From the waterfront, it was easy to see the rest of Cape Town's attractions. Starting right next door to the Victoria & Alfred Hotel, Topless Tours took me on a cheery, two-hour romp through the city's high points for $5.75. I was free to get off at any stop and re-board later during the day for no extra charge. Our guide gave us a witty, well-informed capsule history of the city. We drove along Cape Town's dazzling corniche, its long Atlantic Coast drive with beautiful beaches on one side and the Twelve Apostles mountain range on the other.
I also used the Waterfront Shuttle, a group taxi service, and with three other people I paid $1.50 for the 12-minute ride to the entrance to the Table Mountain Cableway. Once I was on top of Table Mountain, 3,566 feet above sea level, I found gardens, hiking trails and great views of the city.
One of my most memorable events was a ferry trip to Robben Island, where then-rebel leader Mandela was locked up for 18 years after his 1964 conviction for treason. (Mandela also spent time in other prisons.) The island trips cost $16 and last for 3 1/2 hours. I boarded the boat early to get an outdoor seat. The weather was glorious, the view of Table Bay and the Cape Town skyline was stunning and the bar was open, but this was a high-minded crowd, about 60 of us. Half a dozen were leafing through Mandela's autobiography, "Long Walk to Freedom," and the Malay woman beside me said she was going to pray at the Muslim shrine on Robben Island after the formal tour was over.

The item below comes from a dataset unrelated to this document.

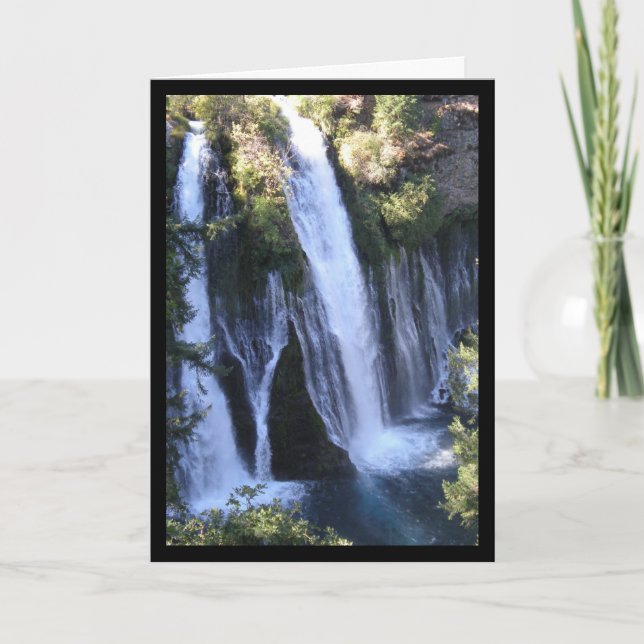 A Waterfall- Canção do Sol de Tarzan. 2:3 Cartão d (Frente)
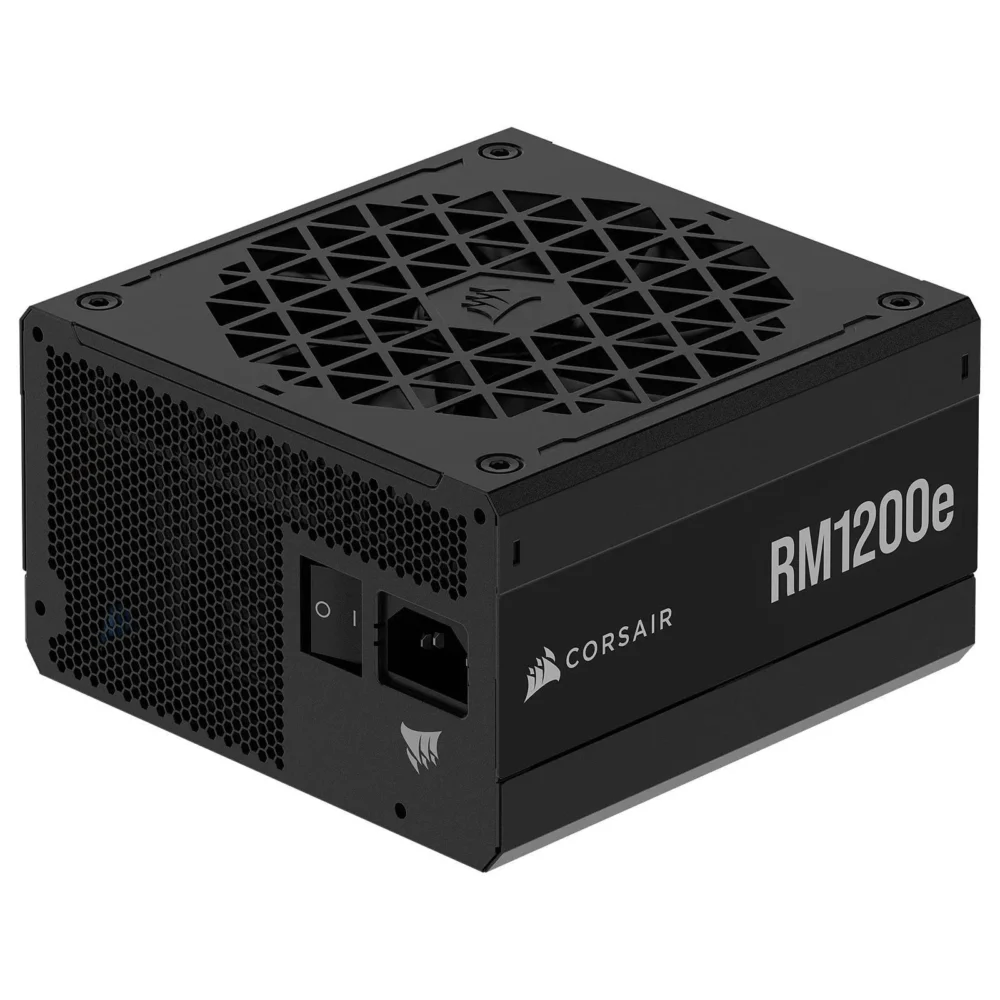 Захранващ блок Corsair RM1200e 1200W 80+ Gold ATX 3.1 Fully Modular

After 25 minutes, we disembarked on Robben Island, a nature preserve today. Long before we got to the prison barracks, our two buses passed springboks, jackass penguins, ostriches and a red-beaked oystercatcher. A former prisoner named Eugene led us on a walk through the prison. The highlight of the tour was a visit to Cell No. 5, where Mandela spent his prison years and where he began to write his autobiography. "I could walk the length of my cell in three paces," he wrote. "When I lay down, I could find the wall with my feet, and my head grazed the concrete at the other side."